--- TASK REQUIREMENTS ---
Below are some records; output exactly the lines from the line with "Characterization of blind spot - Labmonk" to the line with "Miracle Fruit Tree", both ends kept, and nothing more.

--- THE INPUT ---
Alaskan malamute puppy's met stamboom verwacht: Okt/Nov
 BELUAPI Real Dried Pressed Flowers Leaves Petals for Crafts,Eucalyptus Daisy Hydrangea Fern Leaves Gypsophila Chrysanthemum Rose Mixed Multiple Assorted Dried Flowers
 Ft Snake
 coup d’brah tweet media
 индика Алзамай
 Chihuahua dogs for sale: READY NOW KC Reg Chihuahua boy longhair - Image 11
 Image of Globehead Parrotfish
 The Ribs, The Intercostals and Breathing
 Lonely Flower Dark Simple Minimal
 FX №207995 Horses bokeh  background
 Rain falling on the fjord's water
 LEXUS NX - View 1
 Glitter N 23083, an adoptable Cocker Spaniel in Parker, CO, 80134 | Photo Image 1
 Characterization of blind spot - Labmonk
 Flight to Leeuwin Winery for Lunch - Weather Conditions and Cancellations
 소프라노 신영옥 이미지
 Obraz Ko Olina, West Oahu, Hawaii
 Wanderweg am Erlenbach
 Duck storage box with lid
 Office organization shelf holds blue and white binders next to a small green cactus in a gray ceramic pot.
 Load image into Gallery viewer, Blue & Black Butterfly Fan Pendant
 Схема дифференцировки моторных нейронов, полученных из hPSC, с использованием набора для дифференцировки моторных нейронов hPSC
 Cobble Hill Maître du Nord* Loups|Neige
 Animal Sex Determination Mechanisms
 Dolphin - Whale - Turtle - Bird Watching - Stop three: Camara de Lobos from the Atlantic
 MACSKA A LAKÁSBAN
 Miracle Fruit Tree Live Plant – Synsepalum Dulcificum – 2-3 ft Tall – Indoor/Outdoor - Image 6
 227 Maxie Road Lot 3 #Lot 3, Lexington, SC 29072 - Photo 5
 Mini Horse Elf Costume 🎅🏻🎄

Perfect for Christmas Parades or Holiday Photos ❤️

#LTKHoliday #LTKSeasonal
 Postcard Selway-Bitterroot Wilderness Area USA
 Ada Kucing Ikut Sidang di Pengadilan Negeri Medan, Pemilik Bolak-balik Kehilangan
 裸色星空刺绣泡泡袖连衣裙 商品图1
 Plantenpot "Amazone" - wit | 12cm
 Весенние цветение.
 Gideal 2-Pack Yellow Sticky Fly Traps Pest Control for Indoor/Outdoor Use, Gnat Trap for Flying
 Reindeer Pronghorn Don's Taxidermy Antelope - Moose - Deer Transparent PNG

--- COMPLETED TASK ---
 Characterization of blind spot - Labmonk
 Flight to Leeuwin Winery for Lunch - Weather Conditions and Cancellations
 소프라노 신영옥 이미지
 Obraz Ko Olina, West Oahu, Hawaii
 Wanderweg am Erlenbach
 Duck storage box with lid
 Office organization shelf holds blue and white binders next to a small green cactus in a gray ceramic pot.
 Load image into Gallery viewer, Blue & Black Butterfly Fan Pendant
 Схема дифференцировки моторных нейронов, полученных из hPSC, с использованием набора для дифференцировки моторных нейронов hPSC
 Cobble Hill Maître du Nord* Loups|Neige
 Animal Sex Determination Mechanisms
 Dolphin - Whale - Turtle - Bird Watching - Stop three: Camara de Lobos from the Atlantic
 MACSKA A LAKÁSBAN
 Miracle Fruit Tree Live Plant – Synsepalum Dulcificum – 2-3 ft Tall – Indoor/Outdoor - Image 6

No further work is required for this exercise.